- **What the task asks**
After locating the line that contains "LEGRAND-419167 RX3 kismegszakító" in the data below, set down exactly that line and each one after it through the line that contains "Tabs moved into Bin thumbnail", and nothing more.

- **Source data**
((

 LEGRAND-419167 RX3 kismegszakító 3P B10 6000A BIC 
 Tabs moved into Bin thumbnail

))
((

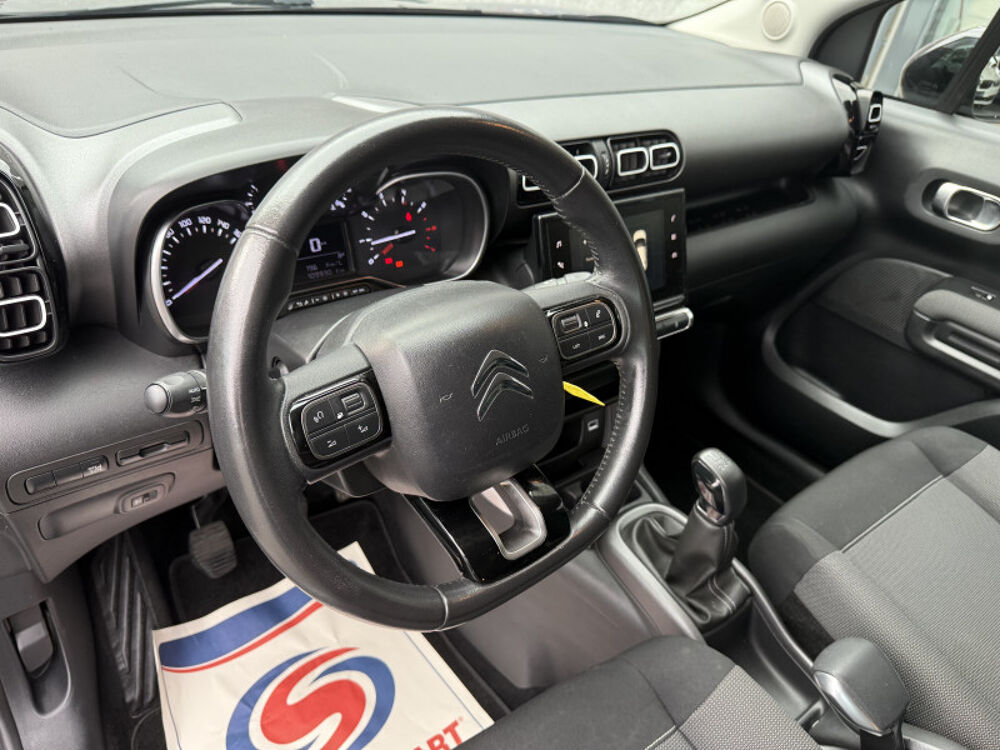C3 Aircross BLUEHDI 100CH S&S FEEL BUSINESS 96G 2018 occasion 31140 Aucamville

))

- **Written reply**
 LEGRAND-419167 RX3 kismegszakító 3P B10 6000A BIC 
 Tabs moved into Bin thumbnail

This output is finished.